Causal relationship and potential common pathogenic mechanisms between hidradenitis suppurativa and related cancer.

Background: Hidradenitis suppurativa (HS) is a chronic, inflammatory and common skin disease. Observation studies have reported the association between HS and cancers, however no studies reported whether a causal relationship exists between HS and cancers. This study aimed to explore the causal relationship between HS and differential subtypes of cancers by conducting a bidirectional Mendelian randomization (MR) analysis.

Methods: Genome-wide association study (GWAS) data related to HS and 16 subtypes of cancers were collected. The inverse variance weighted (IVW) method was primarily applied for our MR analysis, MR-Egger, weighted median, simple mode, and weighted mode methods were used additionally. Heterogeneity, horizontal pleiotropy, and potential outliers were assessed for the MR analysis results. Subsequently, disease-related genes were retrieved from the GeneCards database.
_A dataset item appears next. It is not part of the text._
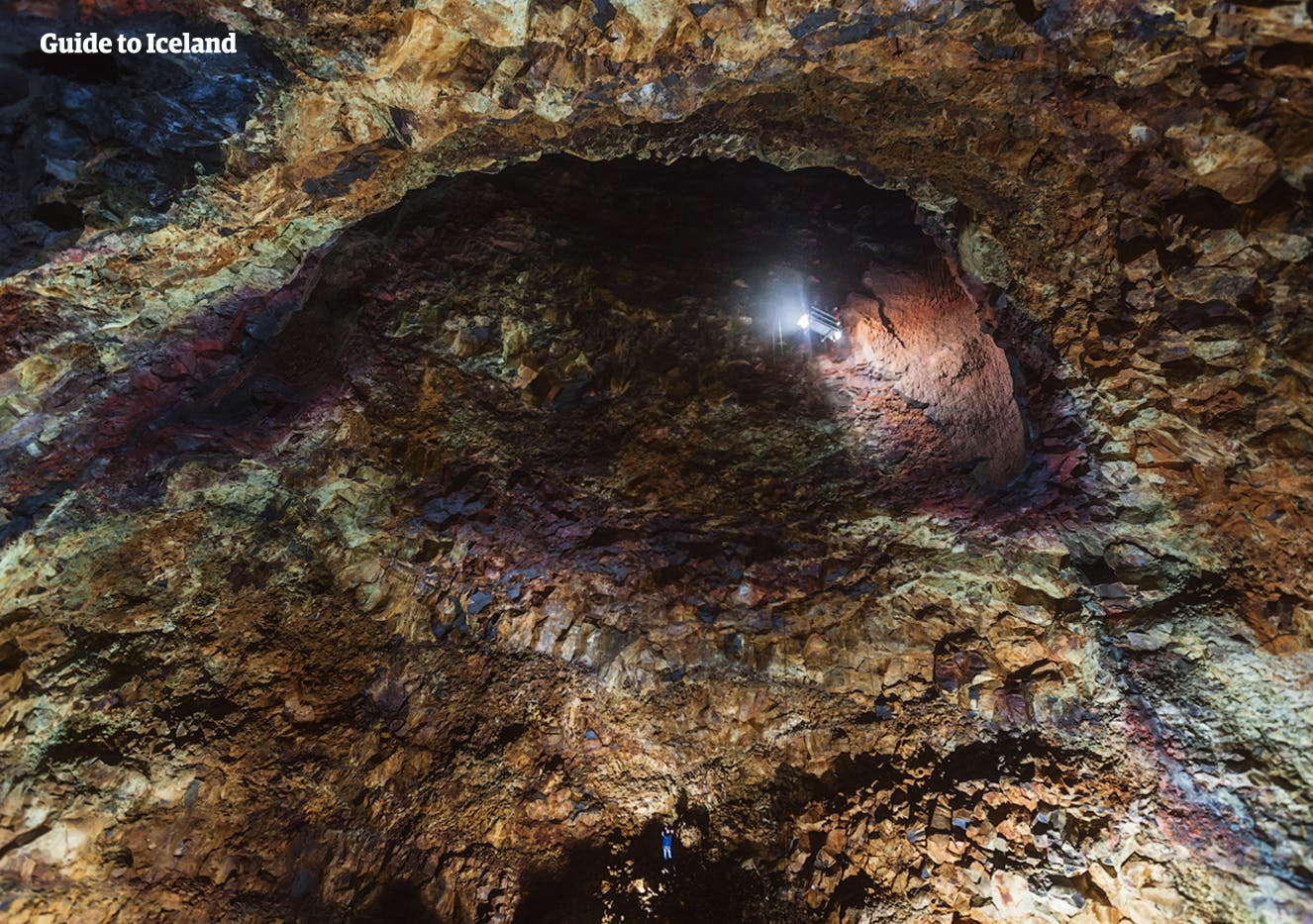 参加火山内部遨游，深入色彩斑斓的岩浆房内部，领略冰岛的火之一面。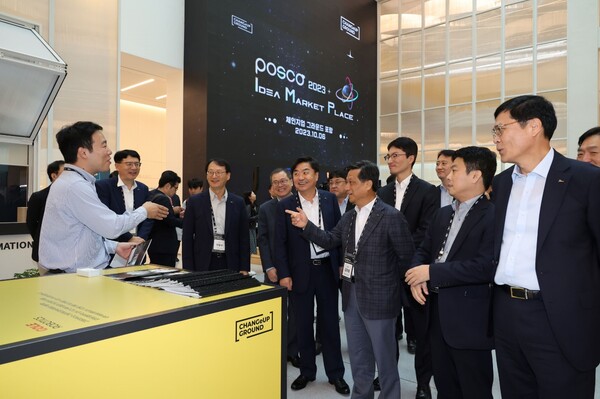 ▲김학동 포스코 부회장이 6일 2023 포스코 아이디어 마켓 플레이스 행사장을 둘러보고 있다. ⓒ포스코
To investigate the potential functions of these associated genes, Gene Ontology (GO) and Kyoto Encyclopedia of Genes and Genomes (KEGG) enrichment analyses were conducted.
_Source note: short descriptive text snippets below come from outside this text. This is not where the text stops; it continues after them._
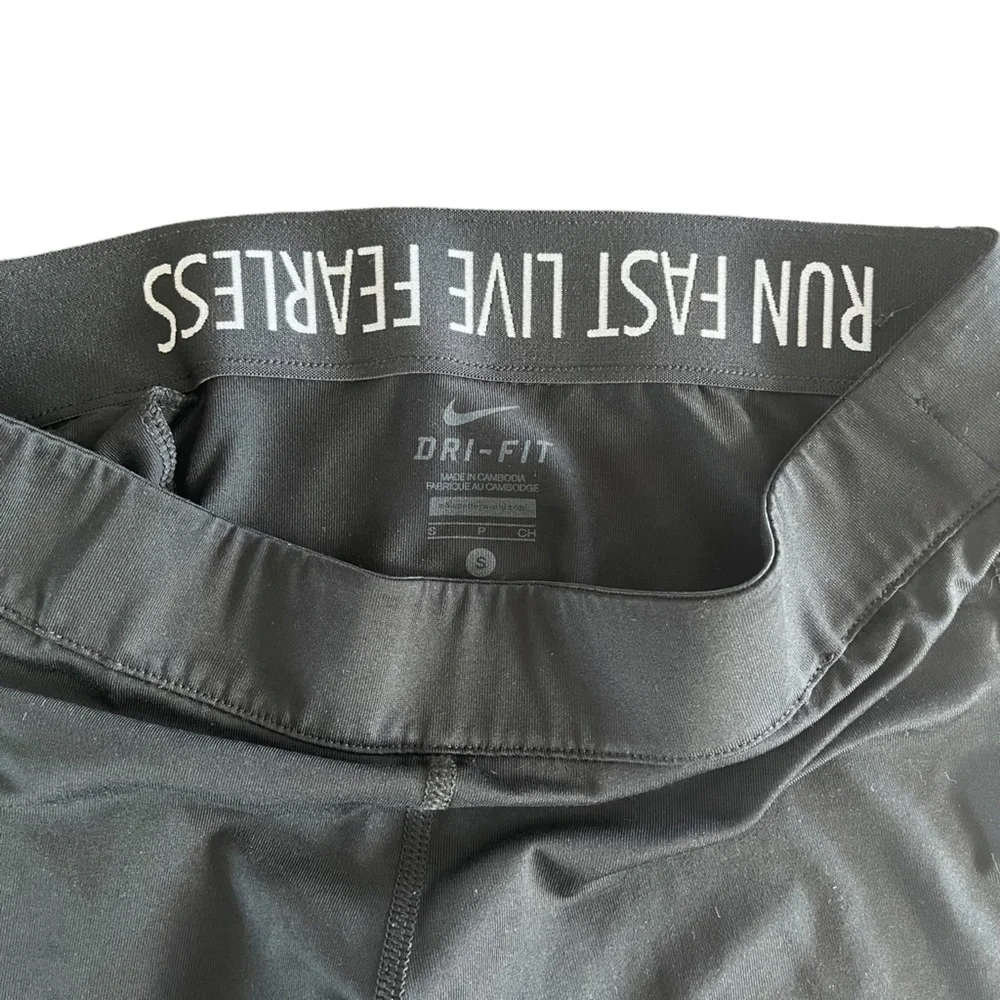 Nike Dri-Fit Run Fast Live Fearless Athletic Gym Capri Leggings Women's Size S.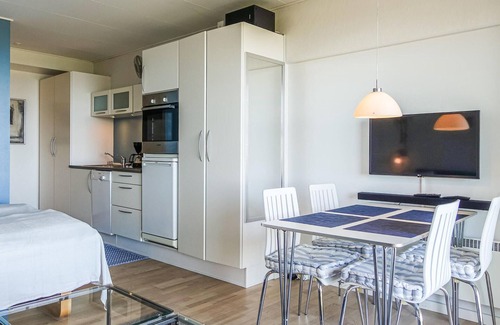Sandkaas Apartment | Cozy apartment in Allinge with WiFi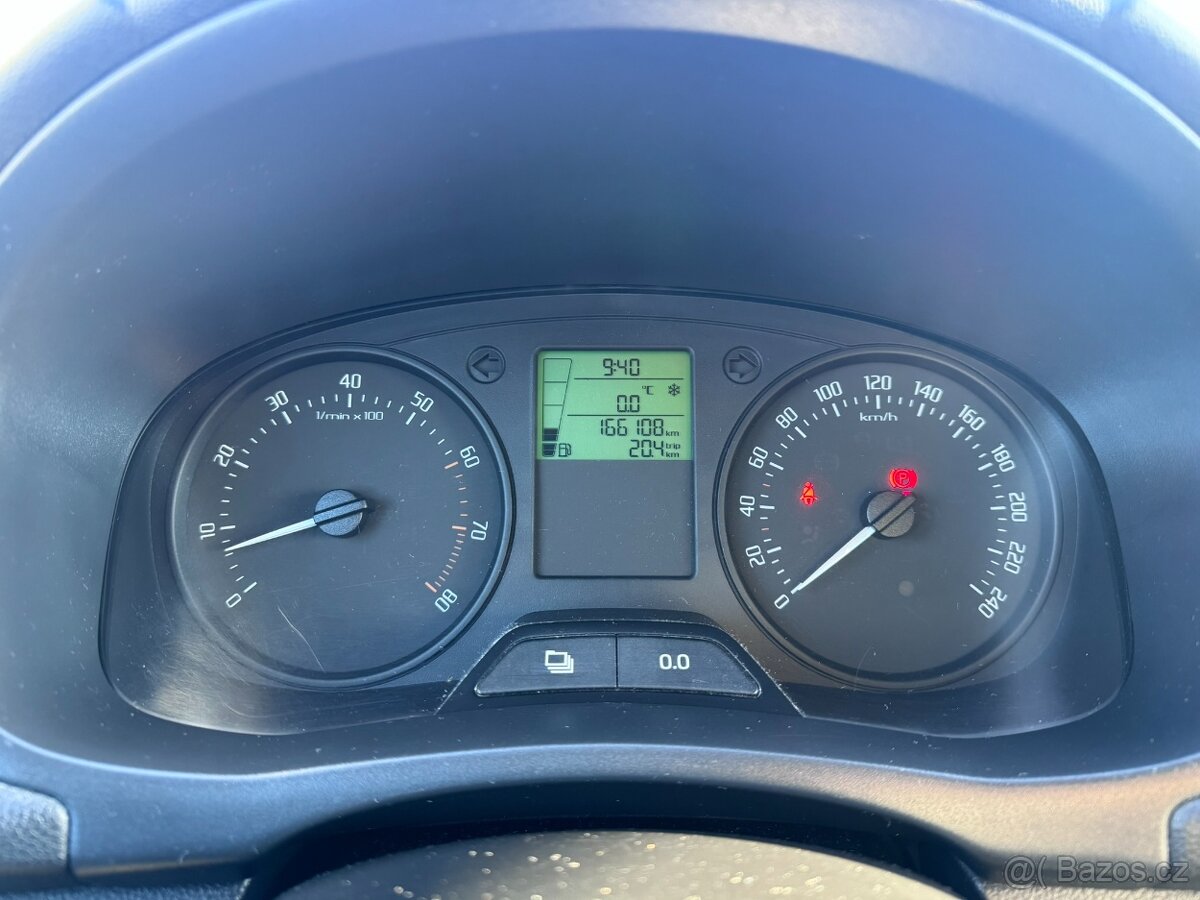 Škoda Fabia 1,4 63 KW STK SŠA - 13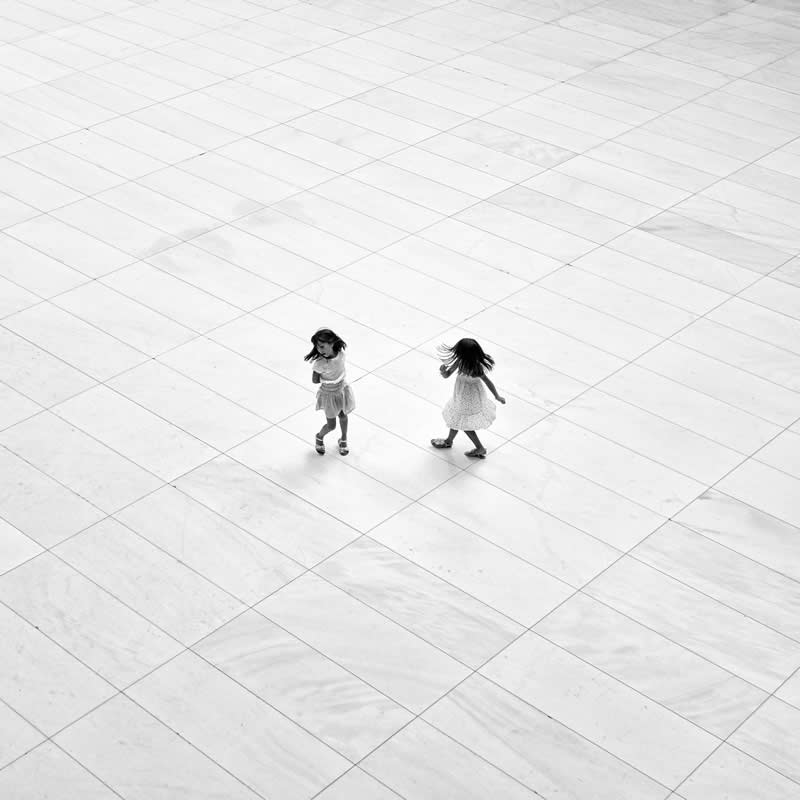 Finding Beauty in Simplicity: 33 Poetic Black and White Photos by Alan Schaller 67 Black and White Minimalist Photography by Alan Schaller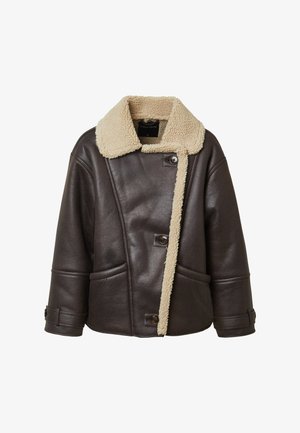 Veste en cuir marron avec un col en fourrure beige, fermeture à boutons, deux poches avant et poignets ajustables.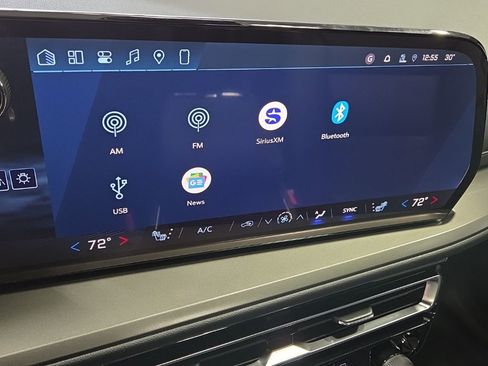 New 2026 Chevrolet Traverse LT w/ Sun and Wheel Package image 18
Results: The results of our MR analysis indicated a causal association between HS and pancreatic cancer (PAC). Specifically, HS was found to elevate the risk of developing PAC (odds ratio (OR), 1.074; 95% confidence interval (CI) 1.015-1.135; p = 0.013). Conversely, reverse MR analysis demonstrated that PAC does not exert a causal effect on HS. Furthermore, our findings did not reveal any significant causal relationships between HS and other types of cancer. No evidence of heterogeneity or pleiotropy was identified in the analysis. Additionally, we identified disease-related genes, and subsequent GO and KEGG enrichment analyses indicated that the genes common to both HS and PAC are implicated in pathways associated with immune and inflammatory processes.

Conclusions: The results of this study offer novel evidence regarding the causal relationship between HA and PAC. Our Mendelian randomization analysis indicates that HS may have a causal influence on PAC, which could inform the development of improved treatment strategies for patients suffering from HS. However, the underlying mechanisms warrant further exploration.